東京海洋大学マリンサイエンスミュージアムに展示され、これから訪れる沢山の方にご覧いただくのは、組み立て式の骨格標本ではなく、晒し骨格を見やすいように展示されたもので、より研究には有意義なものになります。観察や研究に適した状態で、多くの学生・研究者、一般来館者に役立つことを期待され展示が開始されました。
コククジラについての解説
展示開始式のあとは、展示スペースへ移動し、中村玄助教によるコククジラの解説が行われました。中学生たちは、自分の手で掘り起こした骨を注意深く観察し、クラウドファンディング支援者や参加した関係者らも、興味をもって聞いていました。
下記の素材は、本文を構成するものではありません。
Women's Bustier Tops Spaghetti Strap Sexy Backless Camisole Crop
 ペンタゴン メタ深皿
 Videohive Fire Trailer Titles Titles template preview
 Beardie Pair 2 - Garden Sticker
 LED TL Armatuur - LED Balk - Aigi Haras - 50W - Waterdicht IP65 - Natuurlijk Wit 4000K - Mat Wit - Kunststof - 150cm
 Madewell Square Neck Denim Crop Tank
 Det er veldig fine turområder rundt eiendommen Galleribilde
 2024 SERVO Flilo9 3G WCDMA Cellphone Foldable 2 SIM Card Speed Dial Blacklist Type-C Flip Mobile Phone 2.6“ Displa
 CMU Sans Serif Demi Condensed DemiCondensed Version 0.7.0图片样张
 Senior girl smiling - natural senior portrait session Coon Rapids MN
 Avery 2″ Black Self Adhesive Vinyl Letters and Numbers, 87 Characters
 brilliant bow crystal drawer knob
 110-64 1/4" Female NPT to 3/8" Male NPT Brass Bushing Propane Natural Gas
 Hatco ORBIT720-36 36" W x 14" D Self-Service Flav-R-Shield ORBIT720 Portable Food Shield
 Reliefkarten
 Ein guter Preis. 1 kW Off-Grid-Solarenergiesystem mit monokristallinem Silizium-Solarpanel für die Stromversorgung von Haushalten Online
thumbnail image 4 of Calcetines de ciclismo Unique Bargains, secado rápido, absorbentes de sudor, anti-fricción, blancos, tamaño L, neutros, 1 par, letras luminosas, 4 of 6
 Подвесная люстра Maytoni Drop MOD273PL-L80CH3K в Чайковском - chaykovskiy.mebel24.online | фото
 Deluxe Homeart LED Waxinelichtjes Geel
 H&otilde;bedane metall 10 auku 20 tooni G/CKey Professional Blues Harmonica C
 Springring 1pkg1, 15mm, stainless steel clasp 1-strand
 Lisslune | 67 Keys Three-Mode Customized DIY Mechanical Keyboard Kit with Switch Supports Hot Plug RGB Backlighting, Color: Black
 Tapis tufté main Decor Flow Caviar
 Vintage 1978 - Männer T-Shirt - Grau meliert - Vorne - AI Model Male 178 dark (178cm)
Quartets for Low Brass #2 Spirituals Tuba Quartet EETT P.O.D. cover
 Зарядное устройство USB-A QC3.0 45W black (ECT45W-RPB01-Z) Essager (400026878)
本プロジェクトは、クラウドファンディングで支援いただきながら実施したもので、展示スペースでは、ご協力いただいた皆さまのお名前を記載したパネルの展示、本プロジェクトの経緯やコククジラについて解説したパネル、さらに骨格標本を3Dデータ化した映像の展示も行いました。3Dデータ映像は、360°動かして好きな部分を観察できるデジタル標本として、頭骨の骨格標本の展示横にモニターを配置したので、来館者が自分の手で操作しながら観察することができます。中学生たちは、掘り起こしのあとにスキャンしたコククジラのデータを動かしながら、楽しそうに操作していました。
関係各位をはじめ、中学生の研究生を含む約100人で掘り起こしをした骨が、今後の貴重な研究・教育材料として常設展示が開始されることを皆さまでお祝いできた、素晴らしい式となりました。
ぜひ東京海洋大学 マリンサイエンスミュージアムに、展示を観察しに足を運んでみて下さい。